French security researcher Elliot Alderson has accused privacy security breach by Congress’ official app.
When you apply for membership in the official @INCIndia #android #app, your personal data are send encoded through a HTTP request to https://t.co/t1pidQUmtq. pic.twitter.com/6RH0ORYrQd
— Elliot Alderson (@fs0c131y) March 26, 2018
According to Alderson, the encryption for the app which collects membership data is encoded through HTTP (unsecured), and not HTTPS (secured). He further said that it is relatively easier to decode the personal data, which is encoded with base 64.
Moreover, the personal data are encoding with base 64. This is not encryption! Decode this data is very easy as shown in the example. pic.twitter.com/yDWawN2YiR
— Elliot Alderson (@fs0c131y) March 26, 2018
He further states that the IP (internet protocol) address of membership.inc.in is located in Singapore.
The IP address of https://t.co/t1pidQUmtq is 52.77.237.47. This server is located in Singapore. As you are an #Indian political party, having your server in #India is probably a good idea. pic.twitter.com/tbspCtOPfB
— Elliot Alderson (@fs0c131y) March 26, 2018
Congress social media head Divya Spandana has claimed that Congress does not conduct membership drives through the app, but it only through the website inc.in. She also claimed that the servers are based in Mumbai.
However, she soon got called out by a Twitter user who claimed that the app did have membership option. However, now the app itself has now been removed from Google Play Store. Though there has been no official confirmation about the deletion of the app from the Congress party.
App has been removed. It was at https://t.co/hxTd2oV8JYpic.twitter.com/xTd1fDL2Ge
— Nikhil Narayanan (@nikhilnarayanan) March 26, 2018
Why congress removed it’s app from play store? pic.twitter.com/zguy04efvj
— Err.. (@Gujju_Er) March 26, 2018
In fact, Elliot Alderson himself noticed the app missing from playstore.
Did @INCIndia removed their #android #app from the PlayStore just before my tweet?
— Elliot Alderson (@fs0c131y) March 26, 2018
The web cache of the app, which has now been reportedly removed, also talks about membership drive being carried out through the app.
The privacy policy on their website, inc.in, is also shocking.
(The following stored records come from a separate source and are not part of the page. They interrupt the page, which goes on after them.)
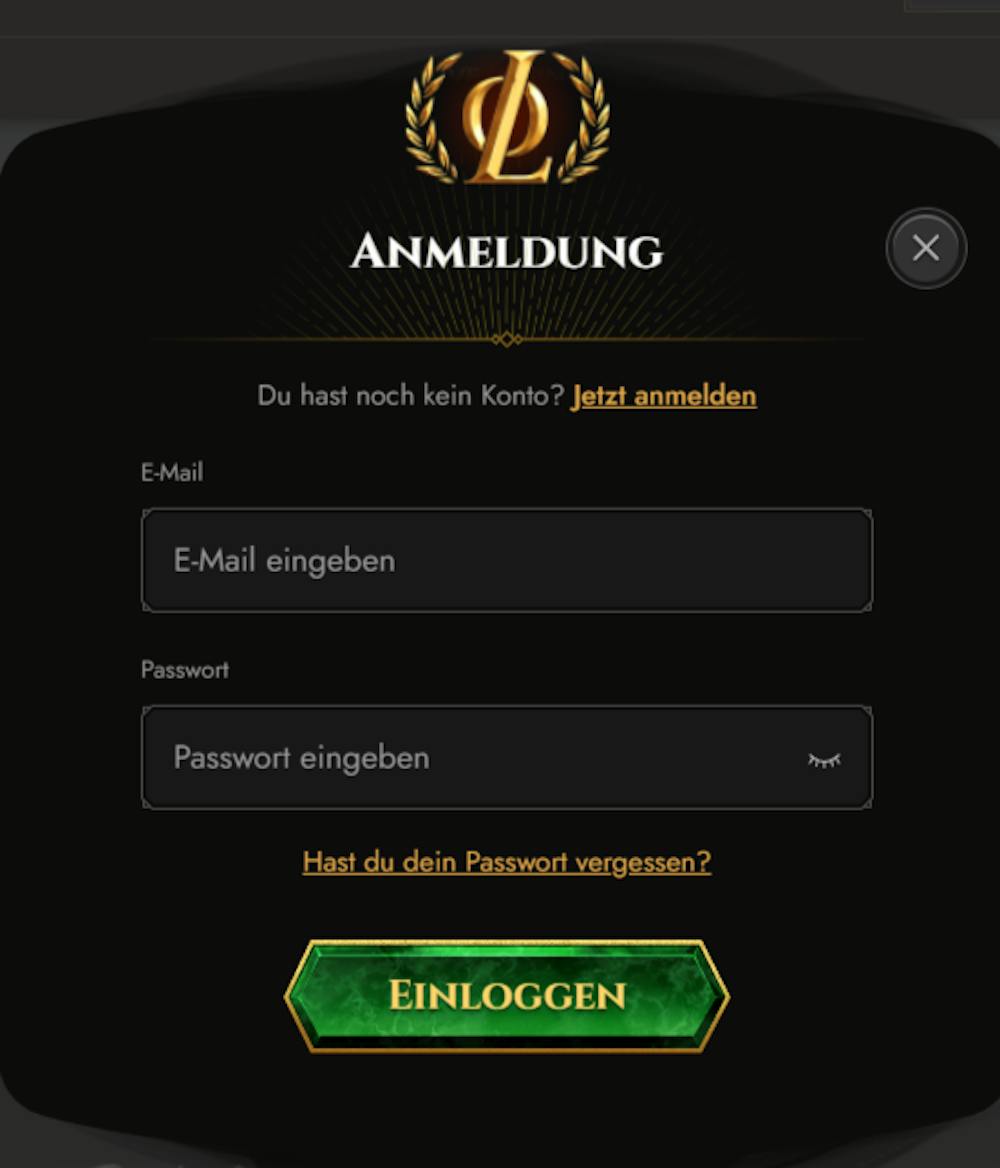 Anmeldemaske für Legiano Casino mit den Feldern Profil und Passwort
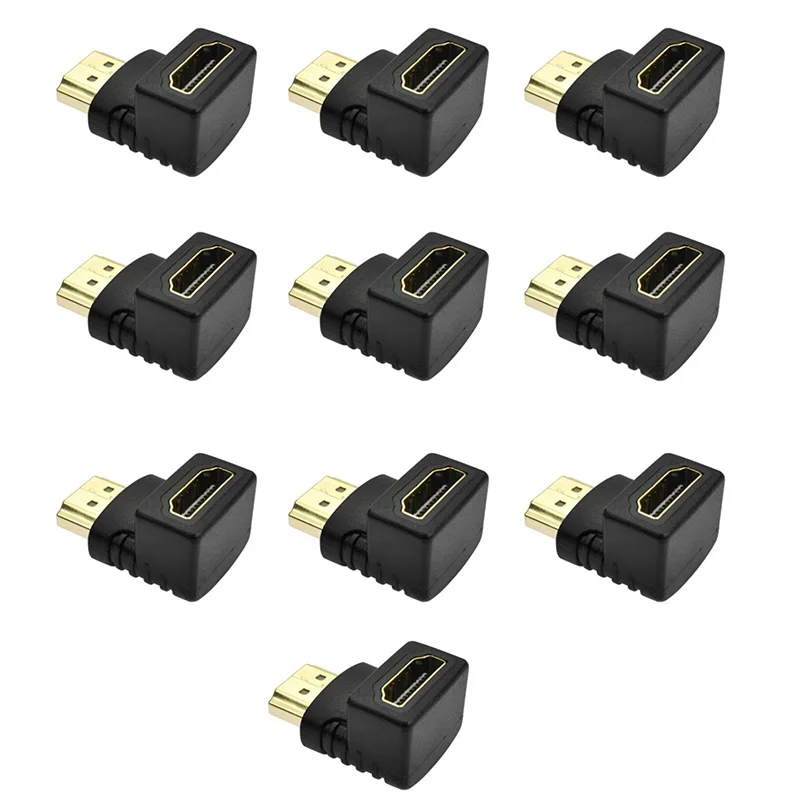 10 шт. HDMI папа к Женский адаптер 90 градусов 4K 3D для ТВ мониторы проектор HD ноутбук| |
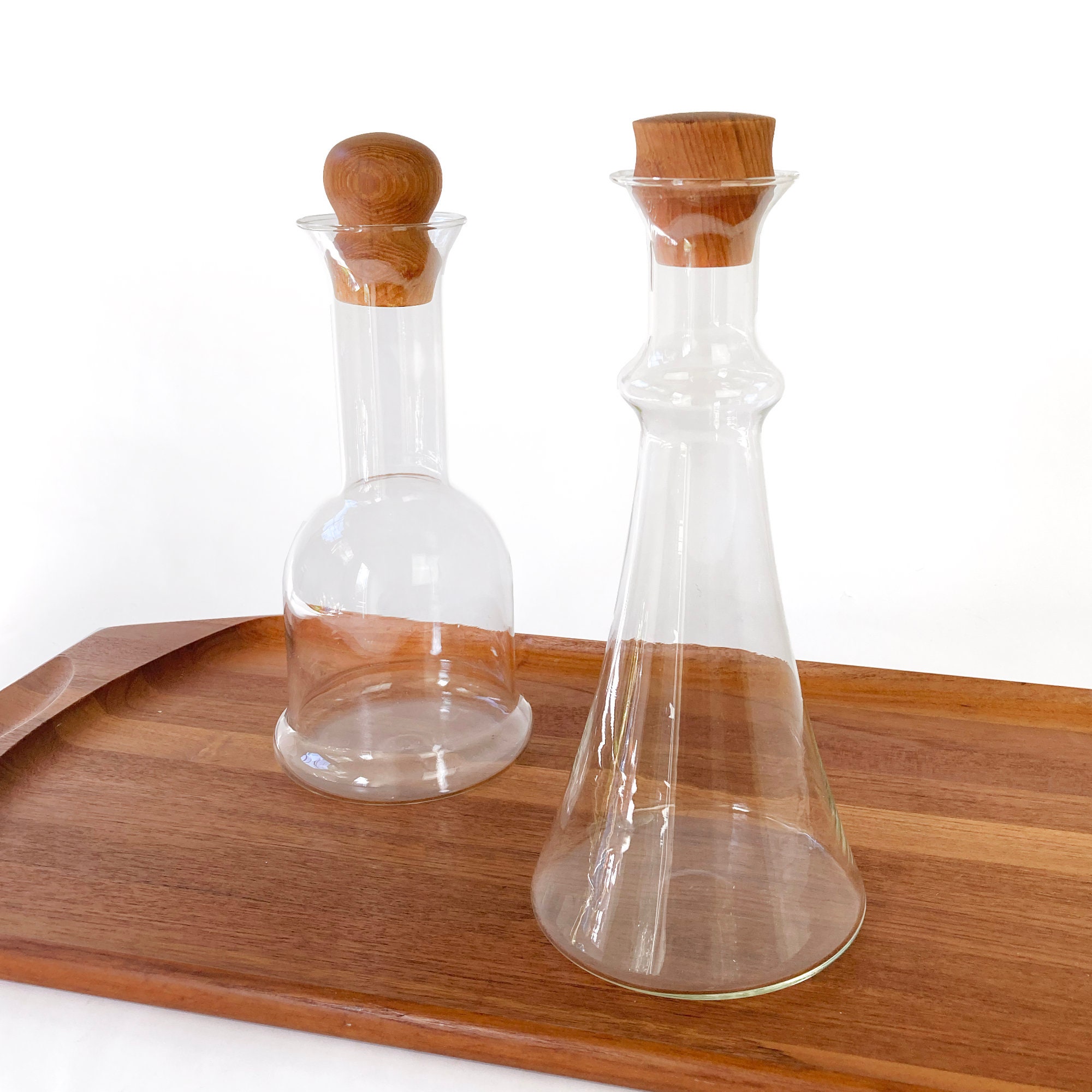 Veans Tableware Single Serving Glass Wine Carafe 6.5 oz - Mini Decanters - Small Individual Carafes, Set of 4 - w/Coasters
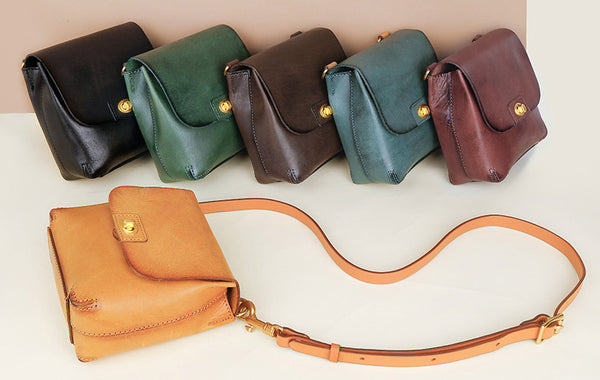 台灣李記皮具 李記 原創真皮手工 復古ッ植鞣牛革グ休閒小方包i8891號原創手工真皮 皮件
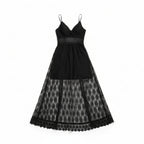 Women’s Lace Culotte Jumpsuit – V-Neck Long Length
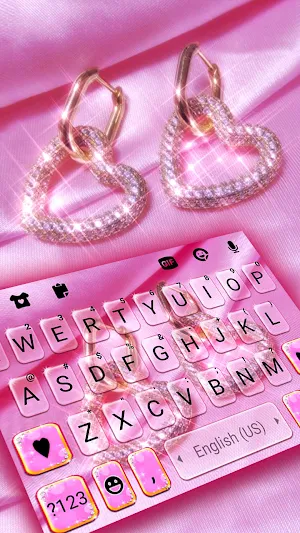 Pink Hearts Diamond Keyboard Background Screenshot 0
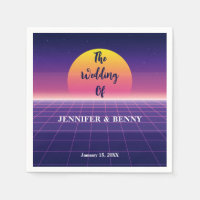 Retro 80s Neon Purple Synthwave Sunset Wedding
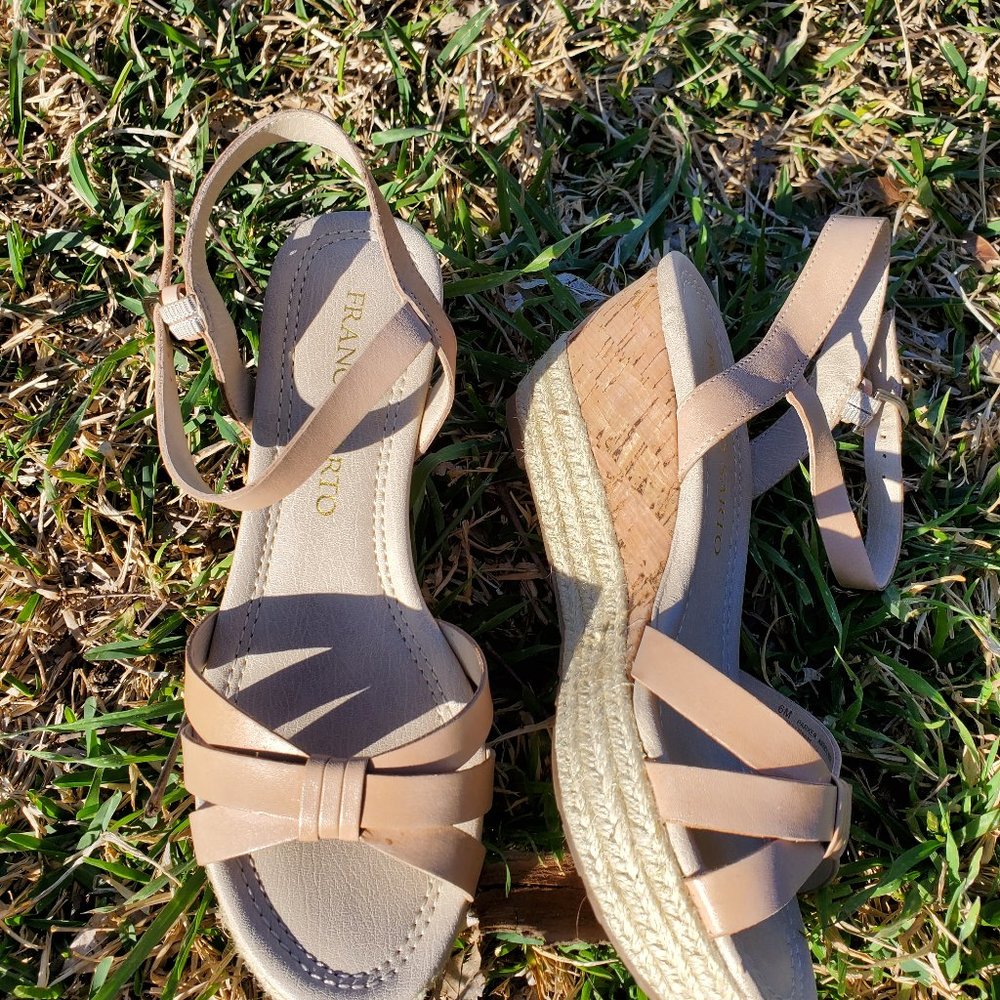 Espadrille sandal with jute wrap & cork heel.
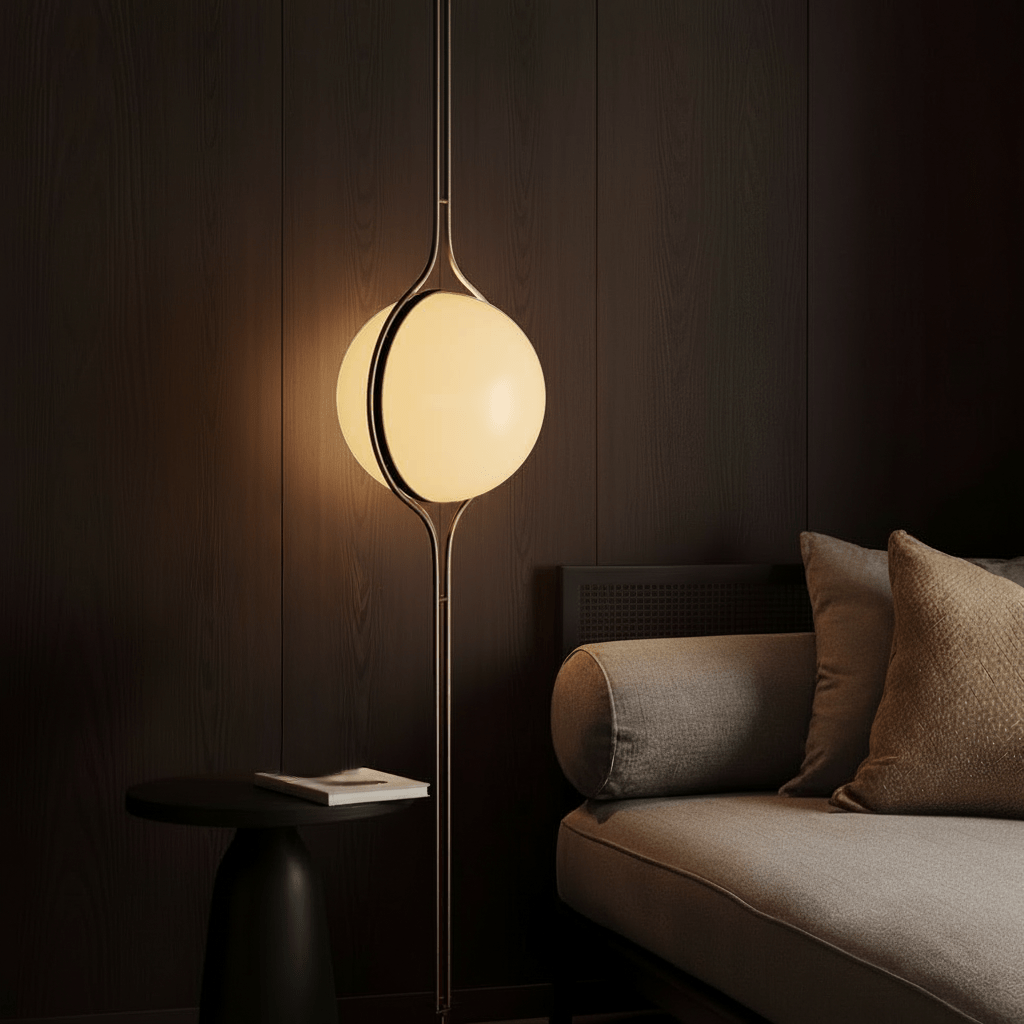 nuvlight Zuru Modernist Floor-to-Ceiling Stacked-Orb Statement Lamp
The website states that the data collected by the website through the membership information you post could be shared with vendors, consultants and other service providers who ‘need access to such information to carry out their work’ for Congress.
Of all the privacy policies you may see on websites or apps, this one of the Congress party, no less, is the most shocking I have ever seen. It essentially says the moment you sign up with Congress, they will sell your data to anyone or everyone who suit their agenda. 1/3 pic.twitter.com/kStntXJB8P
— Akhilesh Mishra (@amishra77) March 26, 2018
Congress website further washes hands off the responsibility of privacy of your data once the third party gets involved.
This raises serious doubts regarding the collecting the data of citizens and allowing third party access to the same, especially in light of allegations against UK based data analytics company, Cambridge Analytica, which was reportedly helping Congress win elections.